About Me
Max Oppenheim for Wired
I'm a producer, consultant and author inviting as many people as possible to switch onto their sense of smell.
I love coming up with interesting ways companies and individuals can be creative and strategic by using their noses, whether helping innovation teams to develop scent for a new product, working with brands to offer memorable experiences, or bringing a museum collection to life. I'm always interested in unusual and daring projects, so get in touch if you'd like to discuss an idea.
I’ve hosted hundreds of events and collaborate with varied institutions and companies including Unilever, Somerset House, COS, The Tate, The Body Shop, Aesop, Ruinart Champagne, Britvic, London College of Fashion and The Royal Institution.
How did I get into this wonderland of scent? In 2010, a longtime perfume fan with too many bottles of fragrance, I was wondering why there were no live events about my favourite subject. Deciding to do it myself, I started hosting a regular evening in London called Scratch+Sniff.
The idea: come along, smell interesting scents and learn more about them in a way that is totally unconventional. There are events that get us looking up at the night sky and breathing in the smells of an interstellar dust cloud. Others invite you to paint a smell, to taste perfumes with wine or chocolate, or to experience lost aromatic rituals from Ancient Greece.
The more I explore scent the more I realise that a subject often perceived as niche actually has widespread appeal.
We all use fragranced products all day every day without even noticing - from humble washing detergent to the latest perfume.

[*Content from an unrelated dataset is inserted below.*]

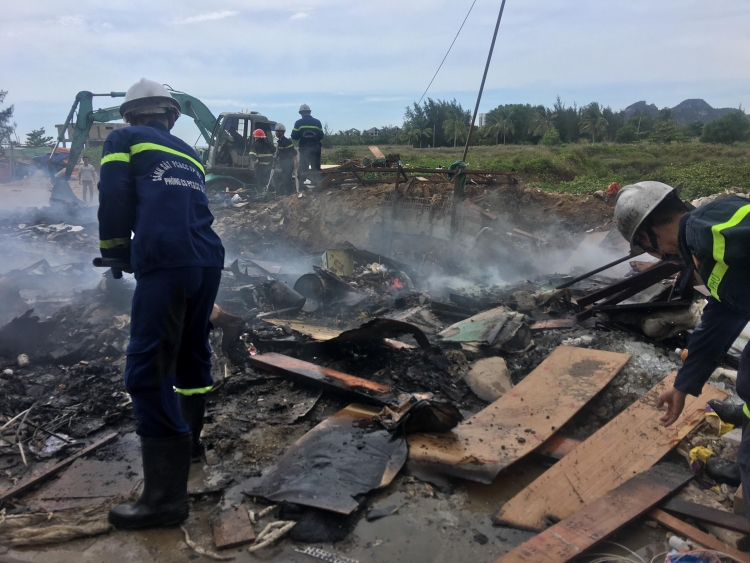 lua chay ngun ngut canh cong trinh khach san 5 sao o da nang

Scent is an important part of our sense of self. It is fundamental in our relationships with people, environments and products. Its role is ever-changing, in step with the wider social and cultural context - something I delved into when writing the book Perfume: A Century of Scents.
I frequently write about olfaction for the national press, and have a regular perfume column for The Pool. I often speak about smell in broadcast media from an historical and consumer point of view.